ASSIGNMENT
Each line of the data below should be restated exactly, with images left out.

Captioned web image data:
┄┄┄┄┄┄
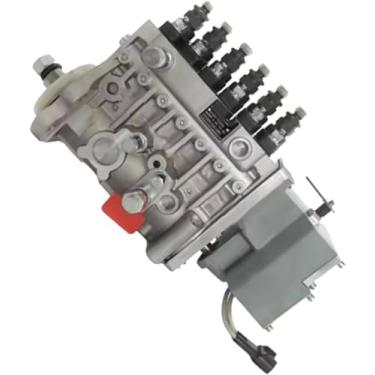 Imagem de Compatível com bomba de injeção de combustível de motor diesel Cummins 6BT5.9-G2 4990710 10401016083
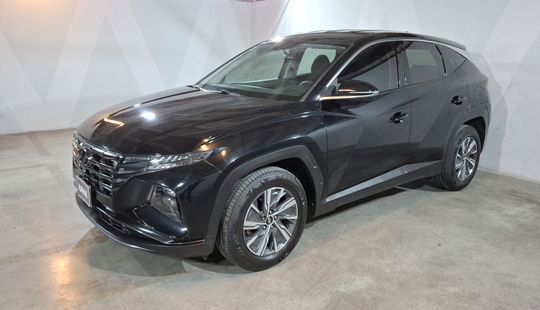 Hyundai • Tucson
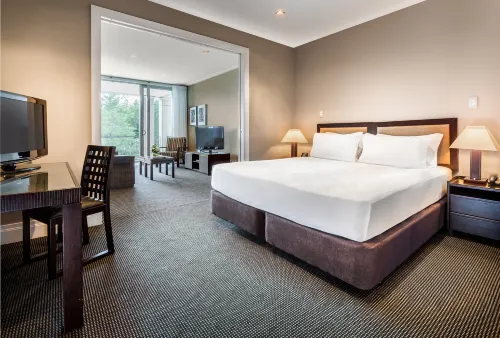 Hilton Lake Taupo Featured Photos
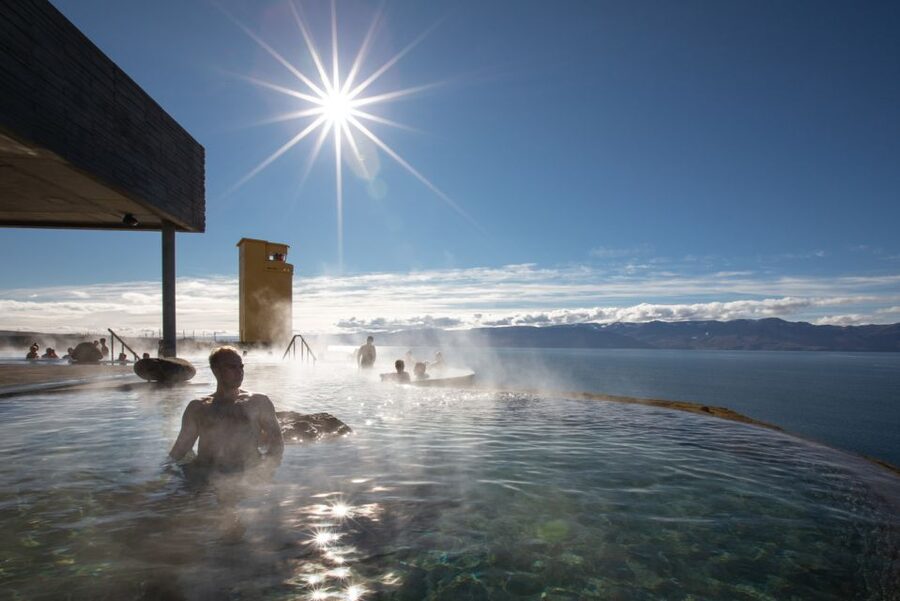 Husavik: GeoSea Geothermal Baths Entrance Ticket - Best ways to make the visit better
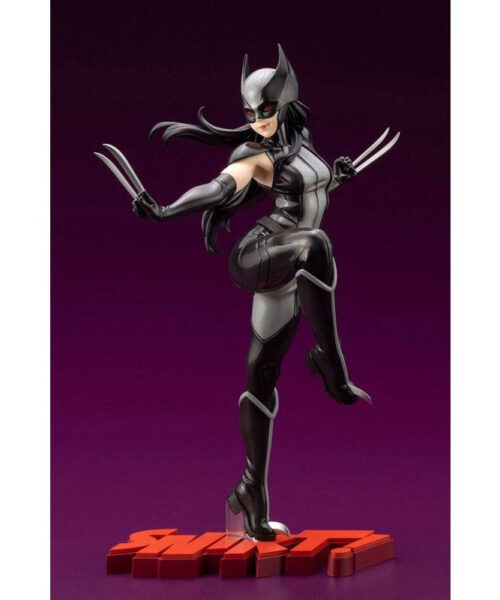 Kotobukiya Marvel Bishoujo Wolverine (laura Kinney) X-force
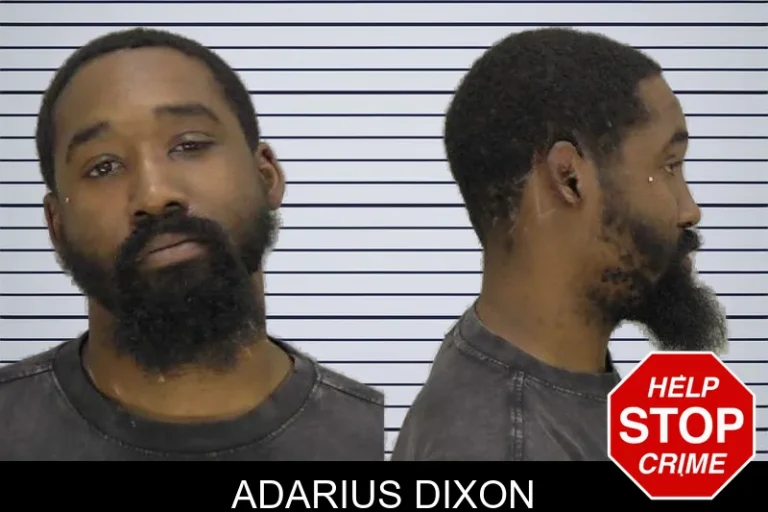Adarius Dixon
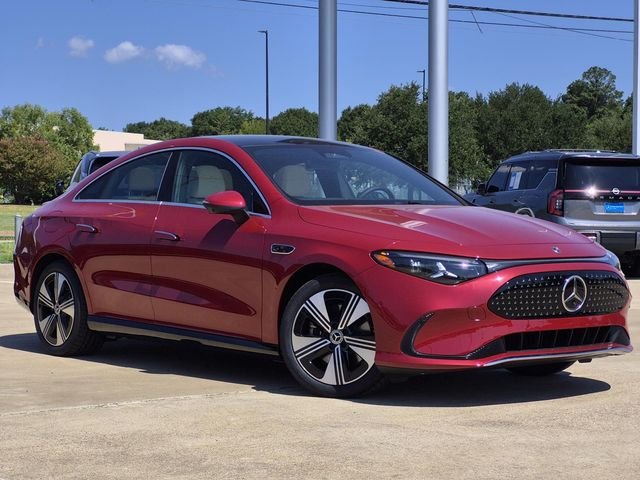 2027 Mercedes-Benz CLA CLA 250+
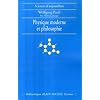 Physique moderne et Philosophie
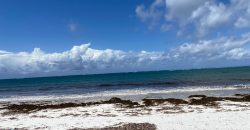 Prime 5 Acres Commercial Ocean Front Land For Sale in Nyali Mombasa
┄┄┄┄┄┄
ANSWER SECTION
 Imagem de Compatível com bomba de injeção de combustível de motor diesel Cummins 6BT5.9-G2 4990710 10401016083
 Hyundai • Tucson
 Hilton Lake Taupo Featured Photos
 Husavik: GeoSea Geothermal Baths Entrance Ticket - Best ways to make the visit better
 Kotobukiya Marvel Bishoujo Wolverine (laura Kinney) X-force
Adarius Dixon
 2027 Mercedes-Benz CLA CLA 250+
 Physique moderne et Philosophie
 Prime 5 Acres Commercial Ocean Front Land For Sale in Nyali Mombasa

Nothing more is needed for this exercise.